(Record extracts):
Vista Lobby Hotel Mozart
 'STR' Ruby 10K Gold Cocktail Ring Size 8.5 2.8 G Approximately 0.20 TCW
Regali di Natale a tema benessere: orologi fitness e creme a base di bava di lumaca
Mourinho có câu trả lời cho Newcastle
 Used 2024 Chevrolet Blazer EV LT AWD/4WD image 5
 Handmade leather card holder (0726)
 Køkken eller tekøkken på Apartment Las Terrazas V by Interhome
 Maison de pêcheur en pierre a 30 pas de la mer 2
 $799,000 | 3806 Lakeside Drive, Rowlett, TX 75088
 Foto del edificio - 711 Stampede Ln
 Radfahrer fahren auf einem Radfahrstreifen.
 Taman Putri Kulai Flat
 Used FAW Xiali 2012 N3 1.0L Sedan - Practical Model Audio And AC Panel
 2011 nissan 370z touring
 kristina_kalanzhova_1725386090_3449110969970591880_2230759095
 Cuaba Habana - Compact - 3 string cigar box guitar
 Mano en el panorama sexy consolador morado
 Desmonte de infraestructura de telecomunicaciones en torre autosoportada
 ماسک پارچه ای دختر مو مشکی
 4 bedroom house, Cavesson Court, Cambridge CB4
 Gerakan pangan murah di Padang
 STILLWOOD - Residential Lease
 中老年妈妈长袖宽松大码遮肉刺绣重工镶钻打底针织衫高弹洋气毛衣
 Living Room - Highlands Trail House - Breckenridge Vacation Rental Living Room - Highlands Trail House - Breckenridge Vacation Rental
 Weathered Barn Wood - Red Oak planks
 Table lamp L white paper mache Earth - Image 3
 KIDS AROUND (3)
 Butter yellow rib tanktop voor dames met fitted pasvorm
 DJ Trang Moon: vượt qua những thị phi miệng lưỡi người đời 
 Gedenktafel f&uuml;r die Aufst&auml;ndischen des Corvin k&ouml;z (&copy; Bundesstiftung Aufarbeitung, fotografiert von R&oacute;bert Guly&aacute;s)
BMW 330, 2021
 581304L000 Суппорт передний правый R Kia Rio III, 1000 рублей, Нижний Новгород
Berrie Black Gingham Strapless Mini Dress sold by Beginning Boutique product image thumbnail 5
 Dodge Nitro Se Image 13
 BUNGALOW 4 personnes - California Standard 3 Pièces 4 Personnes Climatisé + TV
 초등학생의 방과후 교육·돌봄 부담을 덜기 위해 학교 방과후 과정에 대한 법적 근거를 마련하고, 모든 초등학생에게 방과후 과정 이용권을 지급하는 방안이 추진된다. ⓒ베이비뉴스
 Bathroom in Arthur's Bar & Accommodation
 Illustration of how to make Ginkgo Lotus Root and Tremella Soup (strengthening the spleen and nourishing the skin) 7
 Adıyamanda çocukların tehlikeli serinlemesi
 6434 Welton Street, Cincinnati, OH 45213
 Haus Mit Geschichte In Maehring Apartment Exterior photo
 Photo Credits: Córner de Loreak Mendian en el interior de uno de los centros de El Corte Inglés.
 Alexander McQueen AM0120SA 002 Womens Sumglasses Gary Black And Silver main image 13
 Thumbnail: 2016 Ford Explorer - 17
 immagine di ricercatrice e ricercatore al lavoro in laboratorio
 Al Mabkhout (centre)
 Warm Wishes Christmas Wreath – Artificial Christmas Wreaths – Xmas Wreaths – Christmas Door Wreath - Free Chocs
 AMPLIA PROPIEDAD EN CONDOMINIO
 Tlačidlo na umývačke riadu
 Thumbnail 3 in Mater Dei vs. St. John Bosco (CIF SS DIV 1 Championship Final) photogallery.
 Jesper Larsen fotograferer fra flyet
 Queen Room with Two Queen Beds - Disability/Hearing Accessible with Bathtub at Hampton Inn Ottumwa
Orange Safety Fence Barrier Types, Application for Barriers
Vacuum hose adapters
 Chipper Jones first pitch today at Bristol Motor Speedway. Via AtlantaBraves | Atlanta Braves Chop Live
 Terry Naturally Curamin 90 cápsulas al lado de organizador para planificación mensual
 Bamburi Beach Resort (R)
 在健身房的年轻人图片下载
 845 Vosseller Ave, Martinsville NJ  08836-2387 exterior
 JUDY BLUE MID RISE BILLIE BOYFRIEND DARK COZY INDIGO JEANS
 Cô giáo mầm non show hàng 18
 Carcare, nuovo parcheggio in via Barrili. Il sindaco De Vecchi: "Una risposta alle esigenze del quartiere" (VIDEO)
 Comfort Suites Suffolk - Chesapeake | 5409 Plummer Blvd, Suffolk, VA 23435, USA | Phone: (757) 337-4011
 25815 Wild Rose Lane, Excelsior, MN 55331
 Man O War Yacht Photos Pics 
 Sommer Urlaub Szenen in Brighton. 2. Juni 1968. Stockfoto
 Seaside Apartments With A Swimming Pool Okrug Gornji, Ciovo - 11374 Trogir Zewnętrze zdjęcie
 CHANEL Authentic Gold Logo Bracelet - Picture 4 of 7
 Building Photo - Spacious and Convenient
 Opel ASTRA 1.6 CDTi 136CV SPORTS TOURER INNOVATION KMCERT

(What this task involves): Go back to the start of the listing above. Reproduce each line exactly, ending with the line that contains "Bathroom in Arthur's Bar & Accommodation".

(Result for this exercise):
Vista Lobby Hotel Mozart
 'STR' Ruby 10K Gold Cocktail Ring Size 8.5 2.8 G Approximately 0.20 TCW
Regali di Natale a tema benessere: orologi fitness e creme a base di bava di lumaca
Mourinho có câu trả lời cho Newcastle
 Used 2024 Chevrolet Blazer EV LT AWD/4WD image 5
 Handmade leather card holder (0726)
 Køkken eller tekøkken på Apartment Las Terrazas V by Interhome
 Maison de pêcheur en pierre a 30 pas de la mer 2
 $799,000 | 3806 Lakeside Drive, Rowlett, TX 75088
 Foto del edificio - 711 Stampede Ln
 Radfahrer fahren auf einem Radfahrstreifen.
 Taman Putri Kulai Flat
 Used FAW Xiali 2012 N3 1.0L Sedan - Practical Model Audio And AC Panel
 2011 nissan 370z touring
 kristina_kalanzhova_1725386090_3449110969970591880_2230759095
 Cuaba Habana - Compact - 3 string cigar box guitar
 Mano en el panorama sexy consolador morado
 Desmonte de infraestructura de telecomunicaciones en torre autosoportada
 ماسک پارچه ای دختر مو مشکی
 4 bedroom house, Cavesson Court, Cambridge CB4
 Gerakan pangan murah di Padang
 STILLWOOD - Residential Lease
 中老年妈妈长袖宽松大码遮肉刺绣重工镶钻打底针织衫高弹洋气毛衣
 Living Room - Highlands Trail House - Breckenridge Vacation Rental Living Room - Highlands Trail House - Breckenridge Vacation Rental
 Weathered Barn Wood - Red Oak planks
 Table lamp L white paper mache Earth - Image 3
 KIDS AROUND (3)
 Butter yellow rib tanktop voor dames met fitted pasvorm
 DJ Trang Moon: vượt qua những thị phi miệng lưỡi người đời 
 Gedenktafel f&uuml;r die Aufst&auml;ndischen des Corvin k&ouml;z (&copy; Bundesstiftung Aufarbeitung, fotografiert von R&oacute;bert Guly&aacute;s)
BMW 330, 2021
 581304L000 Суппорт передний правый R Kia Rio III, 1000 рублей, Нижний Новгород
Berrie Black Gingham Strapless Mini Dress sold by Beginning Boutique product image thumbnail 5
 Dodge Nitro Se Image 13
 BUNGALOW 4 personnes - California Standard 3 Pièces 4 Personnes Climatisé + TV
 초등학생의 방과후 교육·돌봄 부담을 덜기 위해 학교 방과후 과정에 대한 법적 근거를 마련하고, 모든 초등학생에게 방과후 과정 이용권을 지급하는 방안이 추진된다. ⓒ베이비뉴스
 Bathroom in Arthur's Bar & Accommodation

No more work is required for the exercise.